The Federal Election Commission (FEC) was created to serve as an independent agency of the U.S. government tasked with enforcing campaign finance laws.
However, when FEC Commissioner James “Trey” Trainor addressed the U.S. House Committee on Administration last week, he claimed the agency “has become a weapon.”
“To those who have been paying attention, the problem is stark: it’s the growing weaponization of the apparatuses of government to harass and hinder the political participation of our citizenry in the democratic processes,” said Trainor.
He pointed to an agreement between the FEC and the Department of Justice (DOJ), which allows the FEC to share information about investigations with the DOJ.
Such an agreement “brings the commission squarely into the fold of executive agencies that routinely share information amongst themselves,” Trainor said.
“… Members of the public interacting with the Commission are not given notice that their interactions are memorialized by bureaucrats and could become the basis of a criminal investigation by another law enforcement agency,” he added.
During his address, Trainor referenced an FEC investigation into Derek Utley, a man who created an anonymous Facebook page called “Elect Trump 2020.” Utley spent a total of $483 on advertising.
The investigation began after a “poorly sourced news article” claimed Utley spent $34,000 on “shady Facebook ads,” which prompted left-leaning watchdog group Common Cause to file a complaint, said Trainor.
Such complaints allow for citizens to be brought before federal bodies so that the latter can determine whether their civic participation fell in line with any laws governing free speech, according to the Texas Scorecard.
Reactions from Congress were split following Trainor’s address.
Rep.

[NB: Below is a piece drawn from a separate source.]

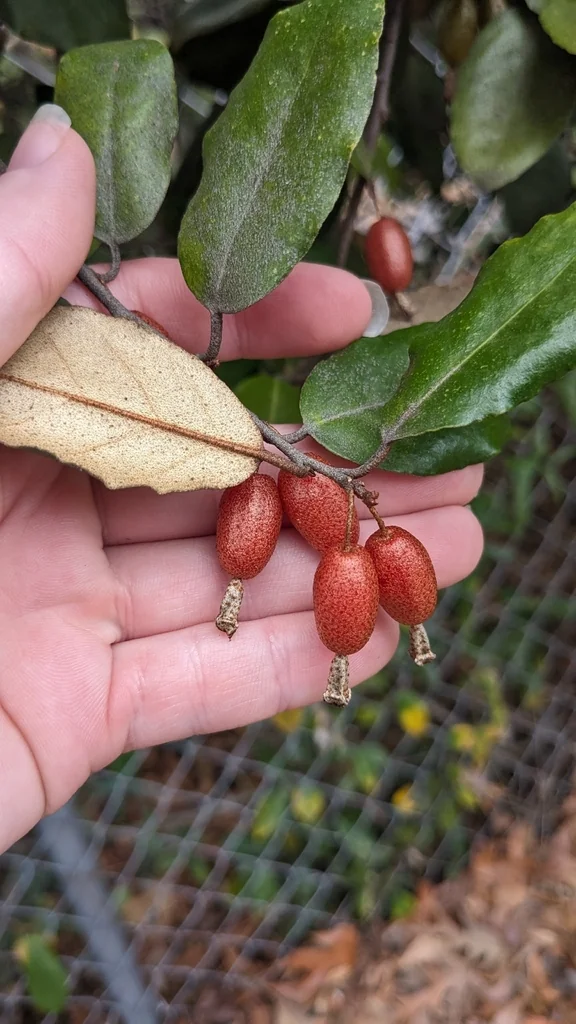Elaeagnus Pungens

Norma Torres (D-CA) disagreed and said she was “disturbed” that anonymous speech is protected by the Constitution. Rep. Greg Murphy (R-NC) agreed with Trainor and said he has concerns about the weaponization of other agencies as well, according to the Texas Scorecard.
“[T]he current headlines about the criminal prosecution of political actors reflect a trend that is going to continue for the foreseeable future. Unfortunately, the Commission has become part of that problem,” Trainor claimed.